The Watermill Center’s annual summer lecture series provides a platform for accomplished workers in every imaginable field to share the cutting-edge ideas that shape their work. This year’s talks, which begin on Tuesday and continue through Aug. 17, will feature an architect, a research scientist, an artist, a ballet dancer, a museum curator, a writer, and a mountaineer.

The first program, “Silence in the Age of Noise,” will feature a conversation between two Norwegians, Petter Skavlan, a writer and screenwriter, and Erling Kagge, an explorer, author, publisher, lawyer, and the first in history to reach all three Poles — North, South, and the summit of Mount Everest.

Mr. Kagge is the author of an extended meditation of the same title in which he poses three questions: What is silence? Where can it be found? Why is it more important now than ever? As a man who once spent 50 days walking solo in Antarctica without radio contact, it is likely he has the answers.

Mr. Skavlan, who wrote “Kon-Tiki,” which was nominated for both an Oscar and a Golden Globe for best foreign-language film, is currently working with artists as diverse as Brian De Palma and Marina Abramovic. As a longtime walking companion of Mr. Kagge, he is certain to have ideas of his own on the subject.

“It Is All About Particles” is not about physics but about architecture. Enric Ruiz Geli is the founder and director of Cloud 9, an architectural team in Barcelona that works at the interfaces among architecture, art, digital processes, and technological material to create green structures that emulate nature. His talk will take place next Thursday.

Justine Kupferman, a postdoctoral research scientist currently working in Franck Polleux’s lab at Columbia University, is interested in what makes the human brain unique. Her talk, scheduled for Aug. 8, will discuss recent findings from anthropology, genetics, evolutionary biology, and neuroscience, including her own research on brain development.

“Dancers as Interpreters of the Past and Present” is the title of Jared Angle’s talk on Aug. 10. A principal dancer with the New York City Ballet since 2005, he will share his experiences interpreting the great roles created by George Balanchine and Jerome Robbins and discuss dance’s obligation to both history and innovation.
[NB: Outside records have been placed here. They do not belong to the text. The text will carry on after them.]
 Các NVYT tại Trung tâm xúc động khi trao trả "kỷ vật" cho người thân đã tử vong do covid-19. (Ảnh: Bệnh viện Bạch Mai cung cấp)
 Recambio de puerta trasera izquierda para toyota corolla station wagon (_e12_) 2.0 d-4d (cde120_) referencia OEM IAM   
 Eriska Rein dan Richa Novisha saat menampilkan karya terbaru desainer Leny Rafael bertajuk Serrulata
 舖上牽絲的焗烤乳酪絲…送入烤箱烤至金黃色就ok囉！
Carrie Mae Weems, a 2017 Watermill Center artist in residence and Inga Maren Otto Fellow, can be expected to continue to aim her critical and insightful lens at history, how it is constructed, layered, juxtaposed, and articulated, and people’s roles within it. Her talk, “The Considered,” will take place on Aug. 15.

In the final program, on Aug. 17, Alexandra Munroe, the Guggenheim Museum’s senior curator of Asian art and senior adviser of global arts, will discuss the museum’s fall exhibition, “Art and China After 1989: Theater of the World.” The largest show of this subject ever mounted in North America, it will survey Chinese experimental art against a framework of geopolitical dynamics.

All lectures take place at 7:30 p.m. Reservations must be made in advance for a $12 fee per seat at watermillcenter.org.